WHAT TO WORK ON — The lines from the one holding "Um esquilo-voador visto de cima." to the final line of the listing below are to be duplicated exactly, with both ends included and pictures omitted.

== Segment start ==

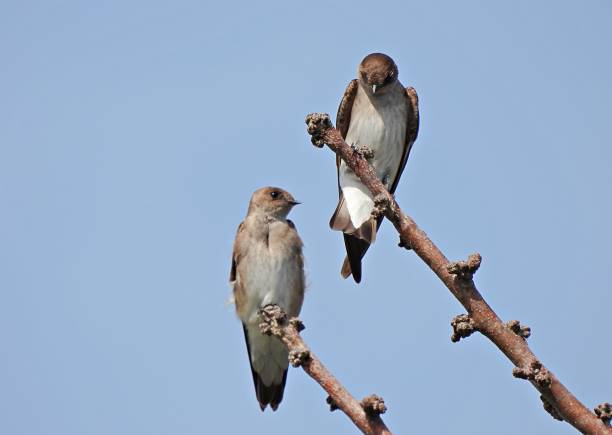 istock Northern Rough-winged Swallow (Stelgidopteryx serripennis) two perched in a bare tree with a clear sky in the background 1311540566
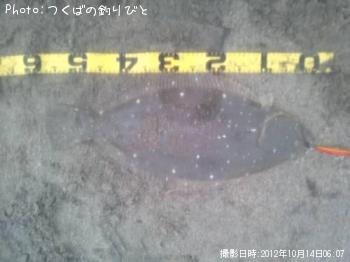 ヒラメ
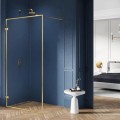 New Trendy Avexa gold brushed walk-in 130x200 cm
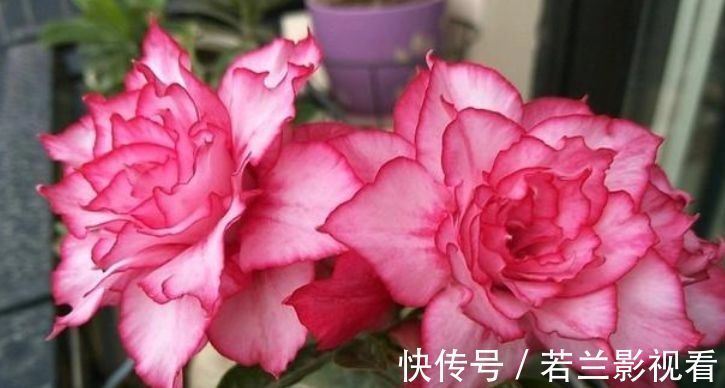 几种花卉好养易活,花期长达300天,花开爆盆美如花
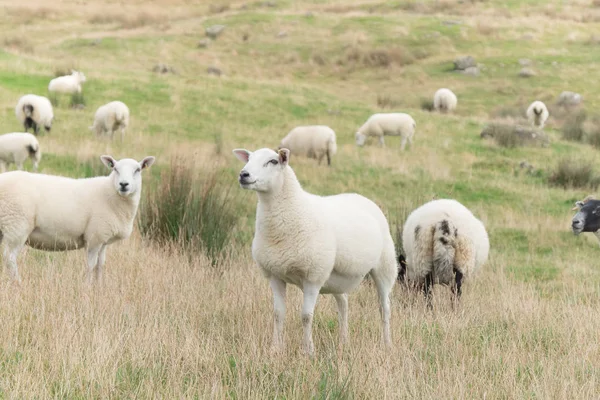 Flock Sheep Fair Head Trail Northern Ireland United Kingdom — Stock Photo, Image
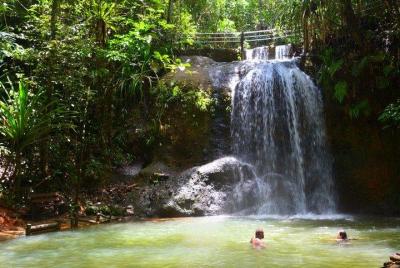 Waterfalls and Nature Tour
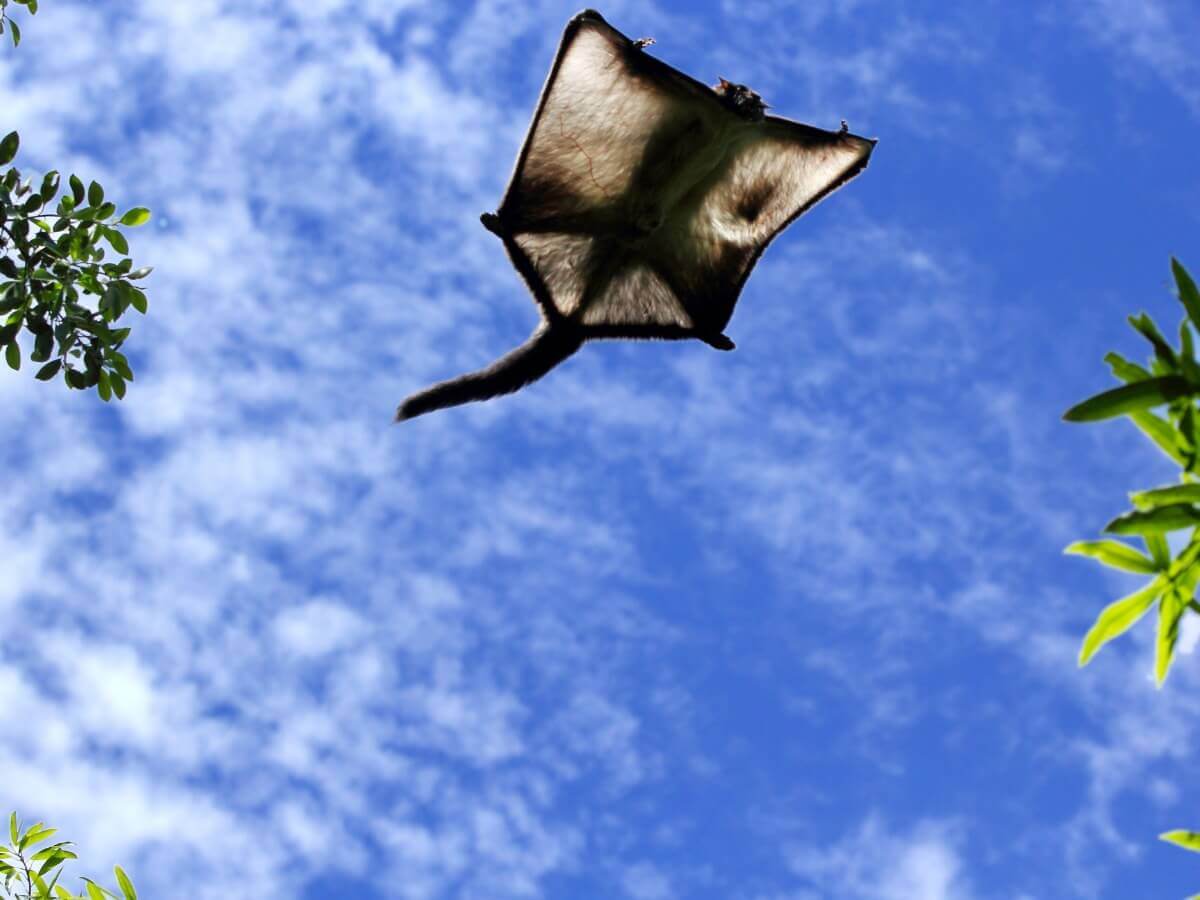 Um esquilo-voador visto de cima.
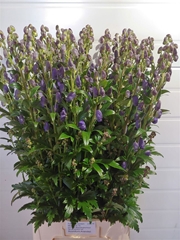 Aconitum Carmichaelii Arendsii 95cm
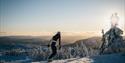 dame kjører snowboard på Lifjell skisenter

== Segment end ==

REPLY TO THE TASK —
 Um esquilo-voador visto de cima.
 Aconitum Carmichaelii Arendsii 95cm
 dame kjører snowboard på Lifjell skisenter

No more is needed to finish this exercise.